┌──
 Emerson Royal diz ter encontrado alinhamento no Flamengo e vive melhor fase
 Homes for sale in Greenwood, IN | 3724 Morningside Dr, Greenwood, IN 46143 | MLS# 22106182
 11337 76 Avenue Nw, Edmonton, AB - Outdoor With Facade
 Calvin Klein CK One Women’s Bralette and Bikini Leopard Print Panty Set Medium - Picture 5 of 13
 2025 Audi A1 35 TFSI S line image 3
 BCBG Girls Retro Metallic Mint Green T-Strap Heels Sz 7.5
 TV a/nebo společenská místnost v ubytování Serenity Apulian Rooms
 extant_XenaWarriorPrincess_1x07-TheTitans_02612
└──
┌──
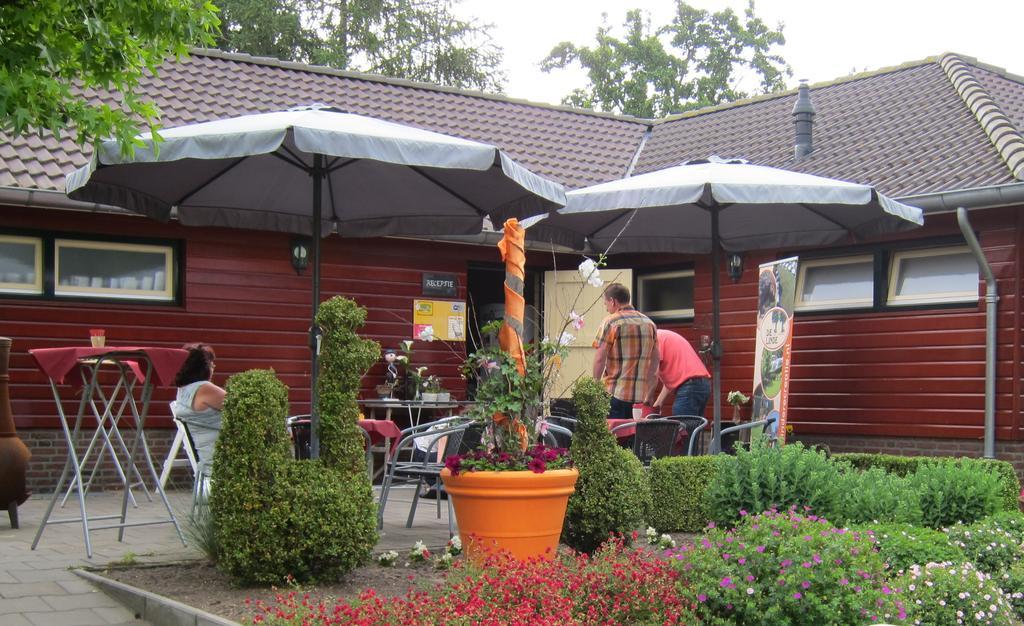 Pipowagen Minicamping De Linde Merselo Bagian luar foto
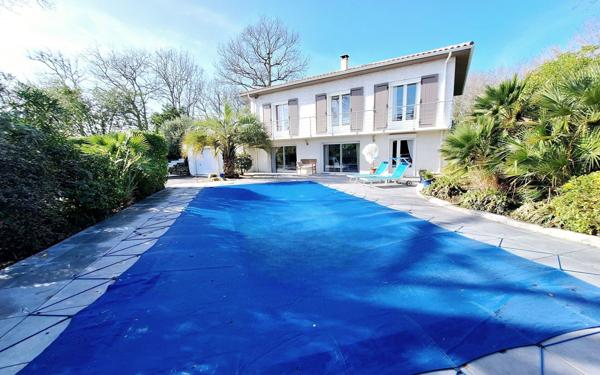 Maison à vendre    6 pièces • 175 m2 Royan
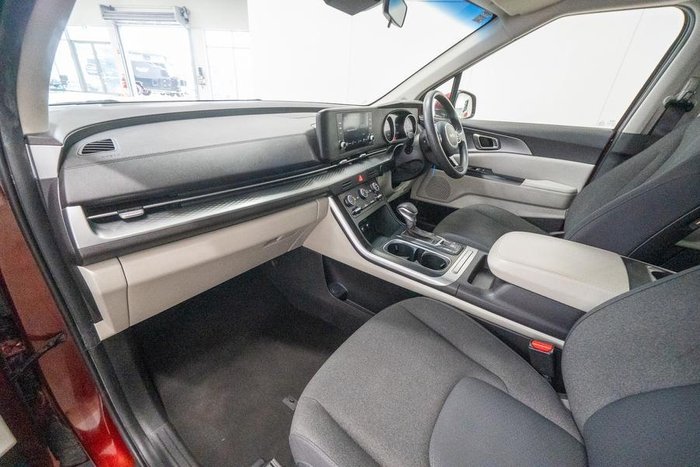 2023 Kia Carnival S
└──
Set down again, word for word, every line from the one with "Pipowagen Minicamping De" to the one with "2023 Kia Carnival S" in the entries above, and omit the pictures.

== Output for this exercise ==
 Pipowagen Minicamping De Linde Merselo Bagian luar foto
 Maison à vendre    6 pièces • 175 m2 Royan
 2023 Kia Carnival S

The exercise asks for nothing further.